И еще об одной общепринятой легенде… Многие десятилетия партию большевиков 1917 года именовали «РСДРП(б)». Но достаточно взять «Правду» за этот год, чтобы убедиться, что называлась она – «РСДРП» без всяких скобочек. И это было продолжением дореволюционной традиции, когда большевики считали себя не раскольниками, отпочковавшимися от РСДРП, а преемниками исторических традиций революционной российской социал-демократии. При открытии съезда Михаил Степанович Ольминский напомнил об этом. И на последнем заседании Преображенский предложил назвать съезд – «“VI съездом РСДРП”. Мы, – заявил он, – представители большинства пролетариата – имеем право назвать этот съезд съездом партии и восстановить счет съездов, утерянный меньшевиками»
[768]
.
После принятия резолюции «О политическом положении» Сталин огласил список кандидатов, выдвигаемых съездом на выборы в Учредительное собрание: Ленин, Зиновьев, Коллонтай, Троцкий, Луначарский.
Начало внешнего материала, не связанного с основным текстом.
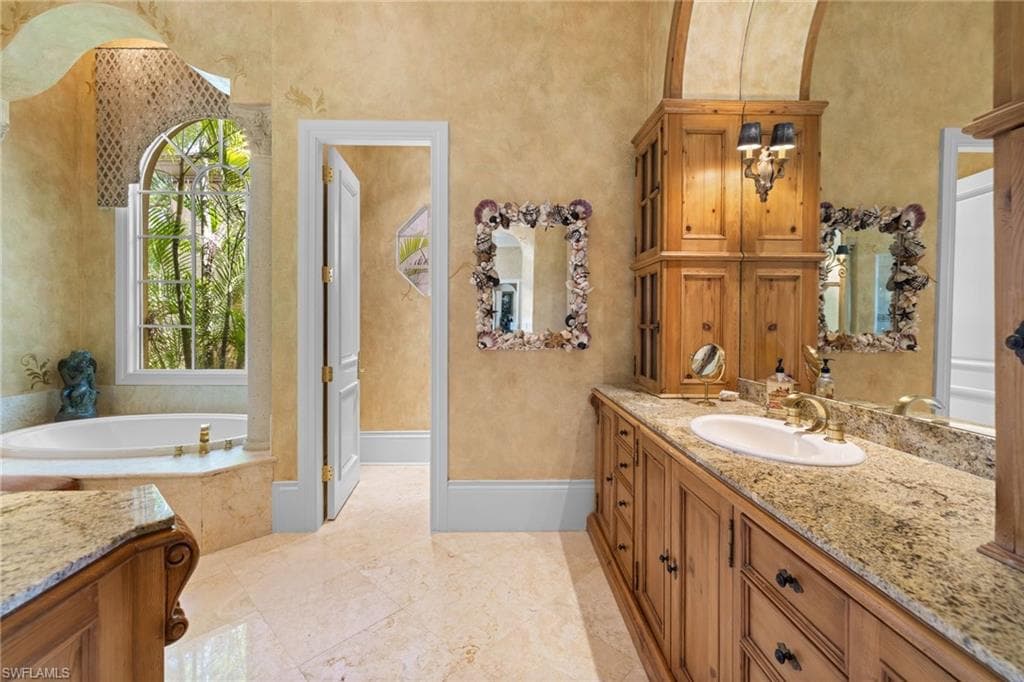 Bathroom featuring a built-in jetted tub under an arched window, a long vanity with dual sinks, wood cabinetry, and stone countertops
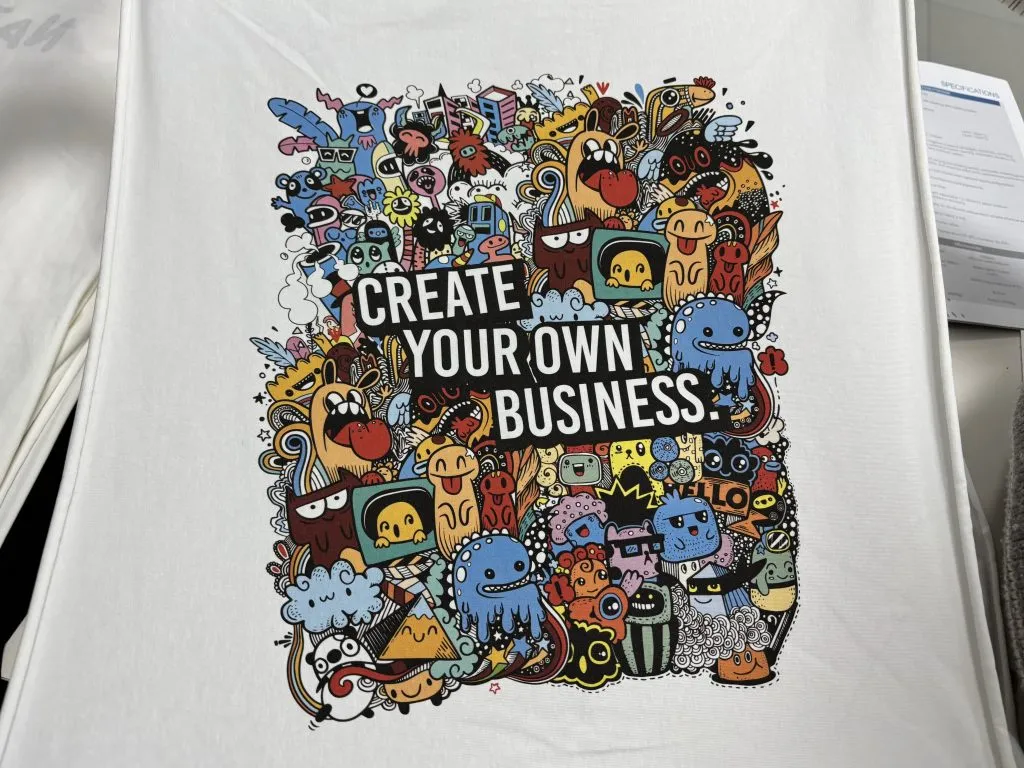 Vista aproximada de um gráfico de desenho multicolorido impresso numa camiseta branca esticada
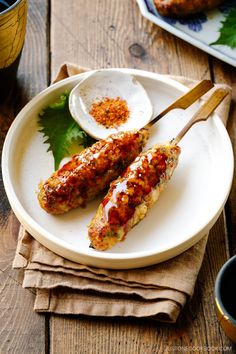 two chicken skewers on a plate with sauce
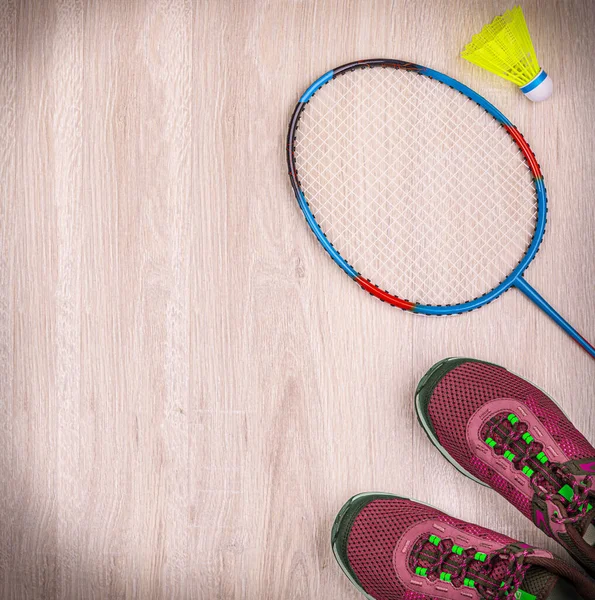 Set di attrezzature sportive con racchette da badminton e scarpe da ginnastica su sfondo in legno — Foto Stock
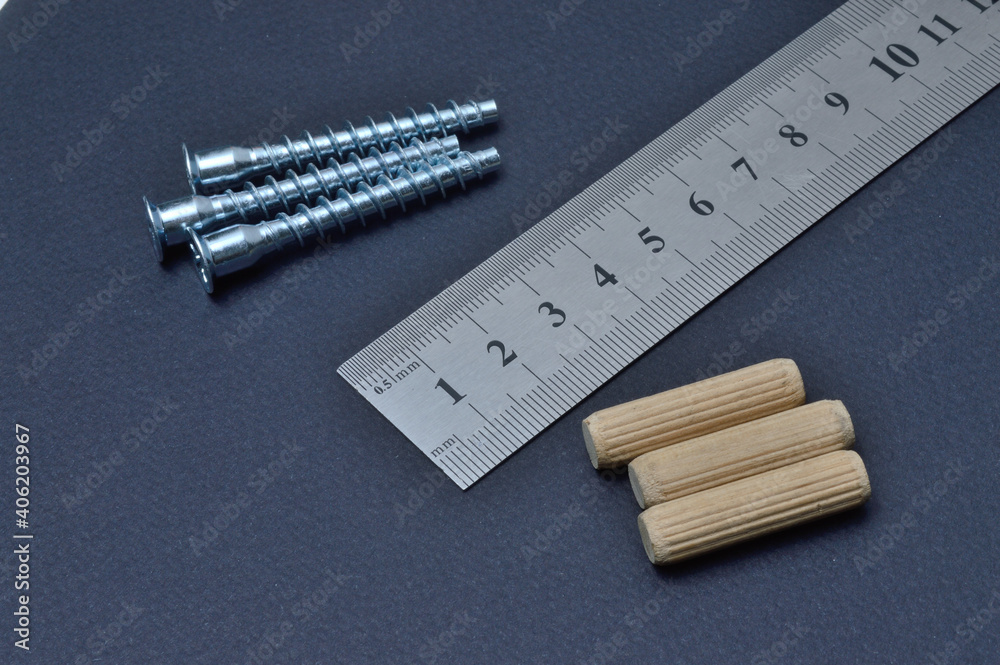 furniture screw, ruler and wooden dowel lie on a dark background. close-up.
Заключительное слово для закрытия съезда предоставили Ногину. «Как бы ни была мрачна обстановка настоящего времени, – сказал он, – она искупается величием задач, стоящих перед нами как партией пролетариата, который должен победить и победит. А теперь, товарищи, за работу!».
Делегаты встали и запели «Интернационал»: «Это будет последний и решительный бой…»
Бой пришлось принять раньше, чем это мог кто-либо предположить…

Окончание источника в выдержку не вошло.